Task material START

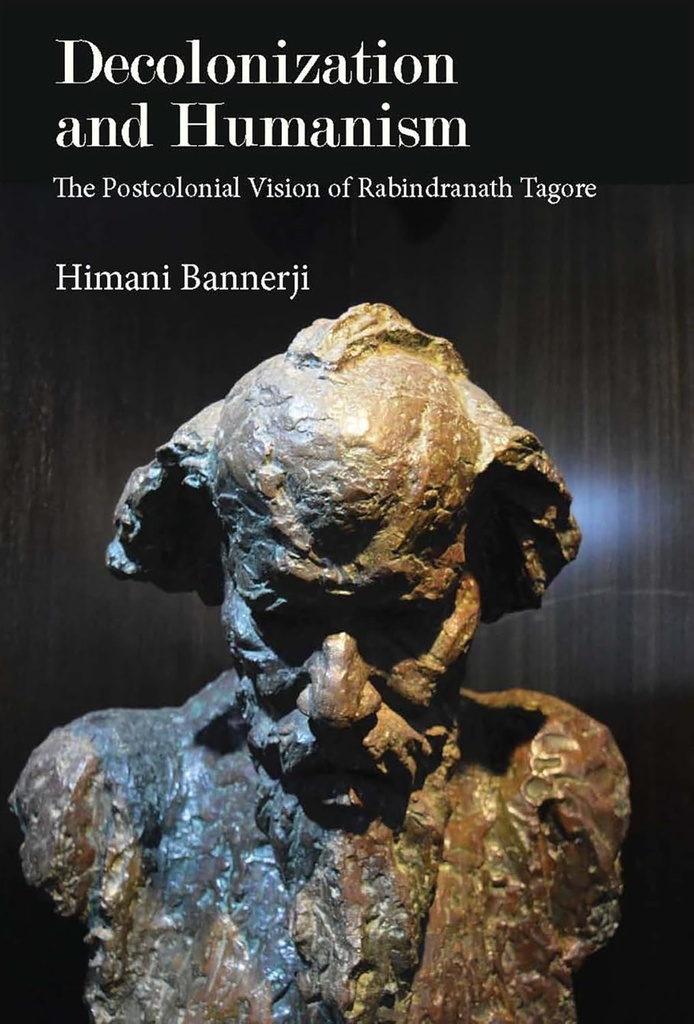 Decolonization and Humanism : The Postcolonial Vision of Rabindranath Tagore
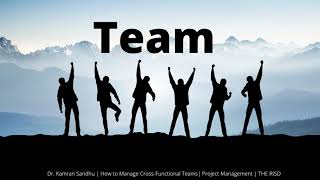 Building and Leading Cross Functional Teams  Project Management  Unit 7 [upl. by Rondon975]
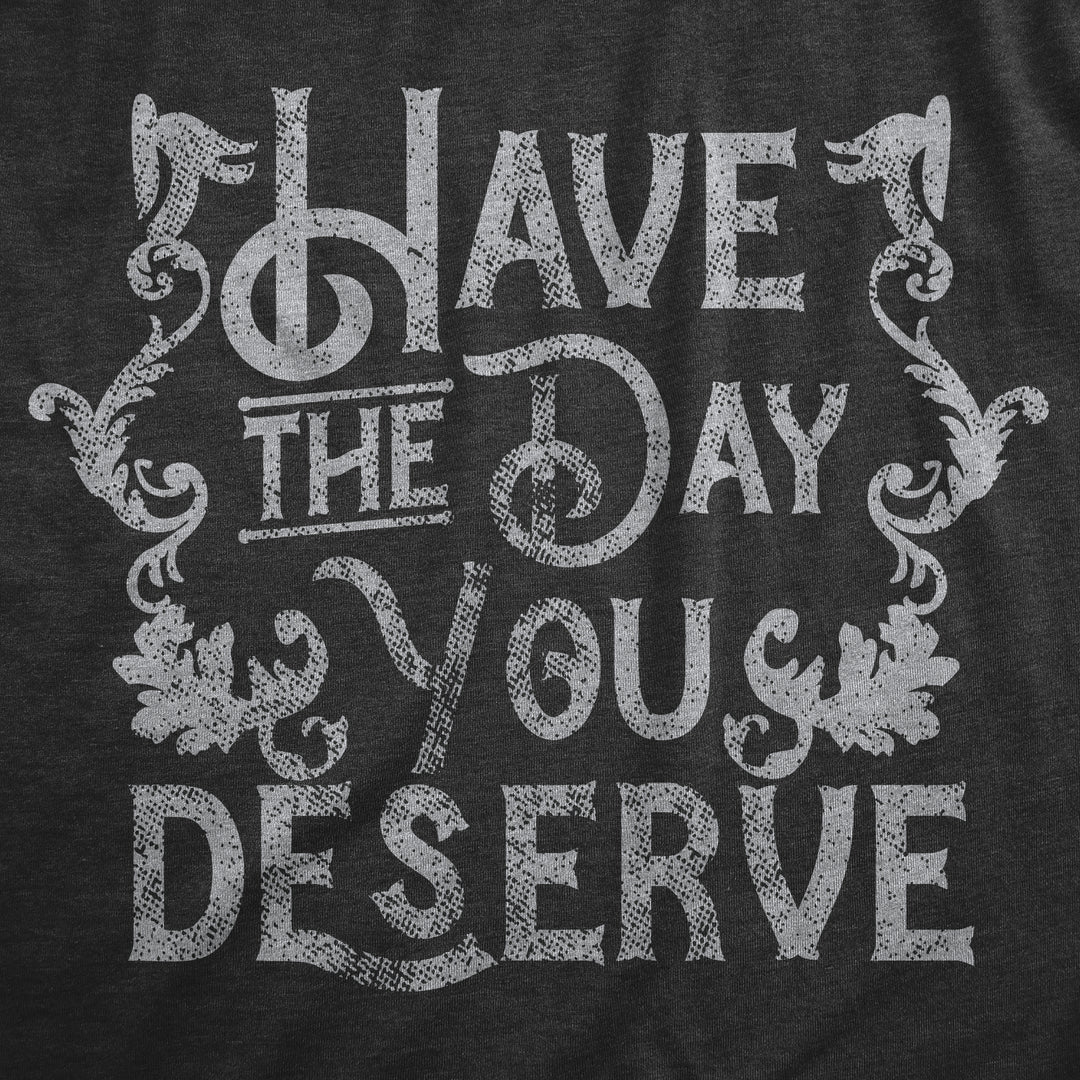 Have The Day You Deserve Men's T Shirt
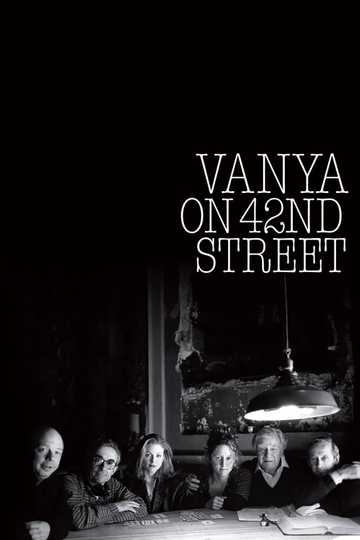 Vanya on 42nd Street Poster
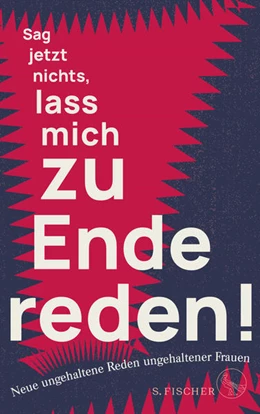 Abbildung von Frauen | Sag jetzt nichts, lass mich zu Ende reden! | 1. Auflage | 2023 | beck-shop.de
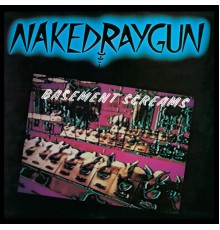 Naked Raygun - Basement Screams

Task material END

_Task:_ Pictures aside, restate the entries word for word.

_Worked solution:_
 Decolonization and Humanism : The Postcolonial Vision of Rabindranath Tagore
 Building and Leading Cross Functional Teams  Project Management  Unit 7 [upl. by Rondon975]
 Have The Day You Deserve Men's T Shirt
 Vanya on 42nd Street Poster
 Abbildung von Frauen | Sag jetzt nichts, lass mich zu Ende reden! | 1. Auflage | 2023 | beck-shop.de
 Naked Raygun - Basement Screams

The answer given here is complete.